Pourquoi regarder EL PARAISO, de Enrico Maria Artale

Le pitch: Julio César et sa mère, immigrée colombienne, vivent difficilement grâce à la danse, la drogue, leurs souvenirs et au maigre salaire qu’un trafiquant de drogue local leur verse. L’équilibre fragile (et oppressant) est malgré tout maintenu, jusqu’à ce qu’une autre femme impliquée dans le trafic de drogue, Inés, vienne fragiliser cette harmonie entre mère et fils.

Il suffit d’un premier plan pour comprendre la nature de la relation qui unit Julio César et sa mère : elle sort des toilettes d’une boîte de nuit, la cocaïne débordant du nez, habillée à l’identique de son fils, avant de l’entraîner danser la salsa. Les gestes sont fluides, les regards complices, mais déjà tout est là : l’amour, l’emprise, la fusion, la dépendance. Présenté dans la section Orizzonti à la Mostra de Venise 2023, El Paraíso, troisième long-métrage d’Enrico Maria Artale, y a remporté deux prix majeurs : celui du meilleur scénario et celui de la meilleure interprétation féminine pour Margarita Rosa De Francisco.

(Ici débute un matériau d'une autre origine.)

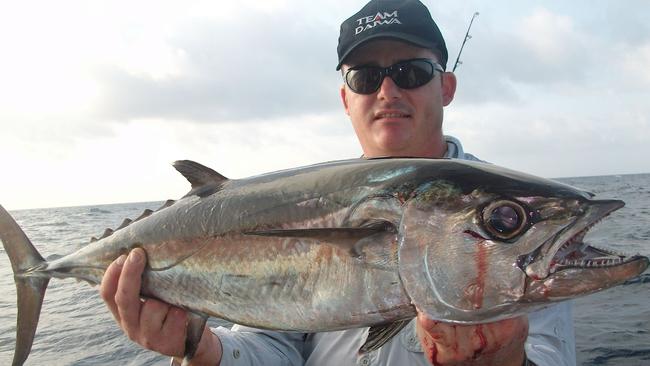 Anthony Sicuto with a little dogtooth tuna caught during a trip wide of Darwin with Arafura Bluewater Charters. Picture: Arafura Bluewater Charters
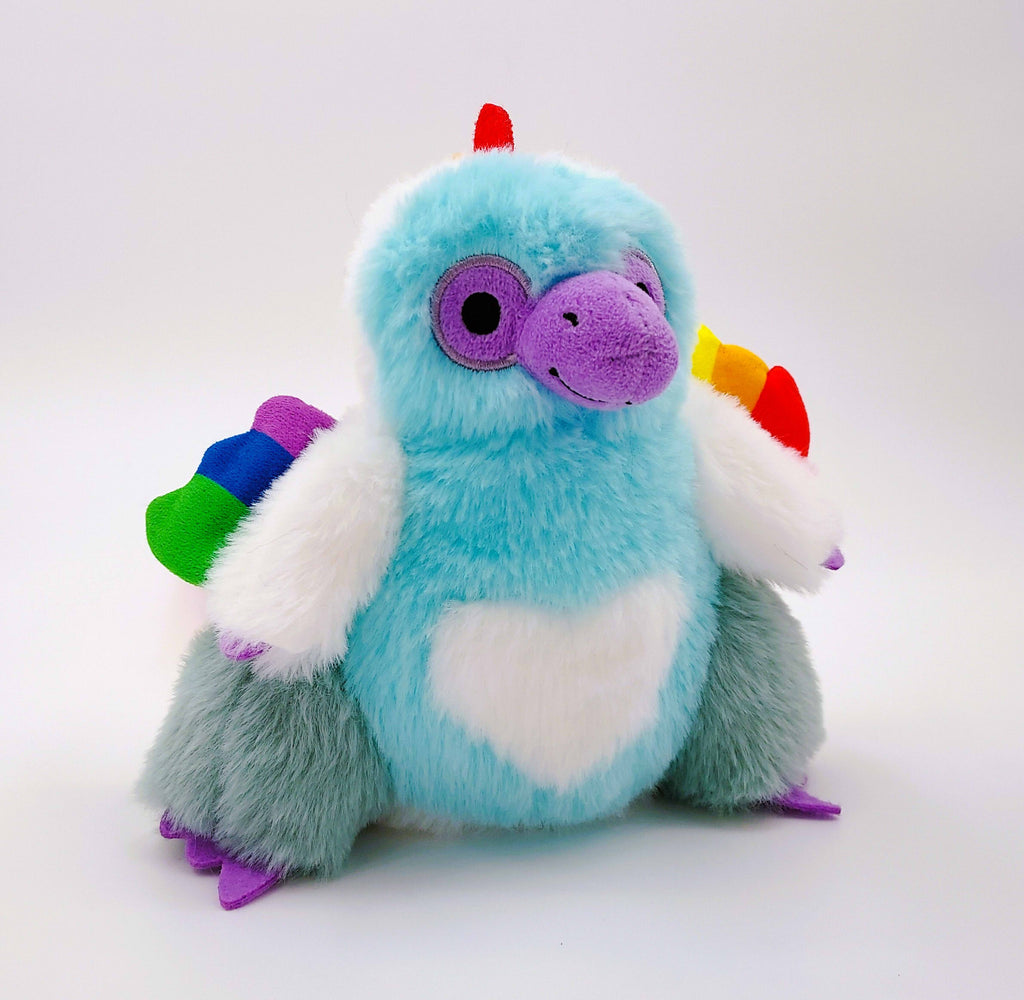 Plush toy of Sugar Cookie the Rainbow raptor dinosaur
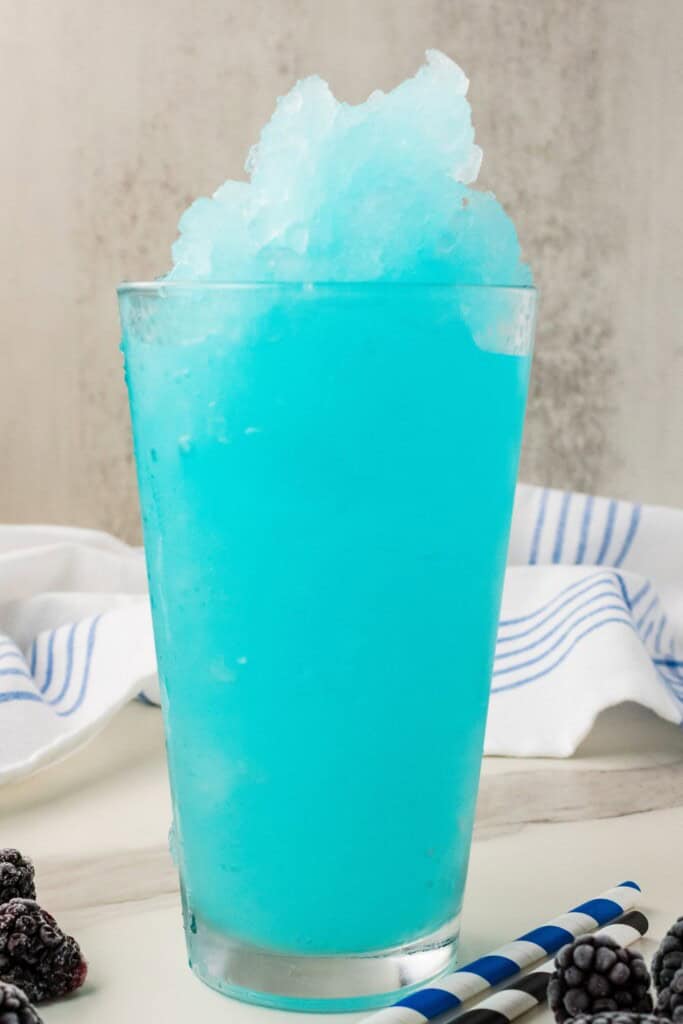 Homemade blue Gatorade slushy made with Glacier Freeze in a tall glass with frozen blackberries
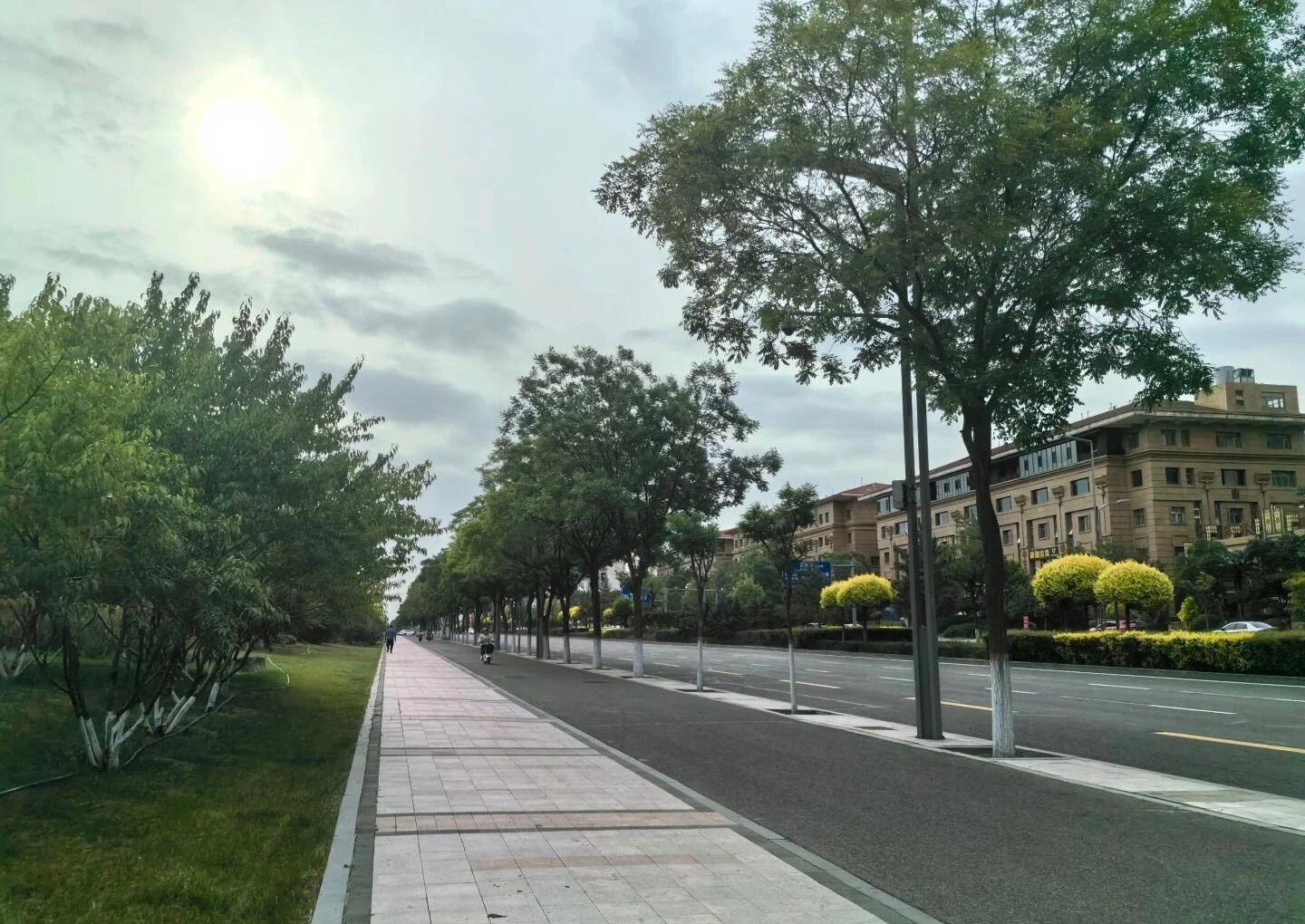 Paesaggio urbano del nuovo distretto di Datong Yudong: ampio viale alberato con moderni edifici residenziali e percorso pedonale illuminato da una luce soffusa - Dove alloggiare a Datong: migliori zone e hotel 2026 - The China Journey Paesaggio urbano del nuovo distretto di Datong Yudong: ampio viale alberato con moderni edifici residenziali e percorso pedonale illuminato da una luce soffusa - Dove alloggiare a Datong: migliori zone e hotel 2026 - The China Journey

Cette dernière livre une performance paradoxale : autoritaire mais vulnérable, excessive mais aimante, cette immigrée colombienne est l’inverse de son fils. Edoardo Pesce, tout en intériorité lourde, lui donne la réplique avec une sensibilité à vif. Ensemble, ils composent un duo contradictoire, dont la danse perpétuelle, tantôt sensuelle, tantôt violente, dit tout de la relation qu’ils n’arrivent ni à préserver ni à rompre. Les deux se surveillent, se réconfortent, s’étouffent et se contiennent, accueillant chez eux les mules en transit d’un trafic de drogue. Ce faible équilibre vacille lorsque l’une d’entre elles, Ines, débarque du jour au lendemain et ravive chez le protagoniste des désirs sexuels endormis. La bulle asphyxiante est fissurée. Car si sa mère a le droit de répondre aux approches des hommes, hors de question que Julio se laisse séduire par d’autres femmes que sa mère.

Chaque regard est un jugement, chaque réflexion cache une autre pensée. D’une scène à l’autre, la mère chante son amour à son fils, puis remet en question ses choix de vie dans la suivante, le braque avec un pistolet dans celle d’après. Le chef opérateur Francesco Di Giacomo colle sa caméra aux corps et en capture toute l’ambivalence : les personnages sont coincés dans de petits espaces, et l’intimité se transforme en prison. Lorsqu’ils sortent de leur cocon, tout leur rappelle leur origine et l’illégalité de leur séjour en Italie. La sensation d’enfermement persiste : l’ombre de la Colombie plane dans les chansons, les langues mêlées (l’espagnol et l’italien), les souvenirs, les rêves d’un ailleurs fantasmé.

Oscillant entre réalisme et mélodrame assumé, El Paraíso s’éloigne constamment du paradis annoncé dans le titre : les murs de la maison de Julio et sa mère (que le protagoniste essaye constamment de contourner) ne ressemblent en rien à un havre de paix. Et les quelques échappées hors du huis clos — un bar, une plage, un bateau — sonnent comme autant de fuites illusoires, condamnées à ne jamais aboutir.


PARCE QUE c’est une oeuvre étouffante sur l’amour maternel poussé à l’extrême, avec un Prix d’interprétation féminine à la Mostra de Venise bien mérité.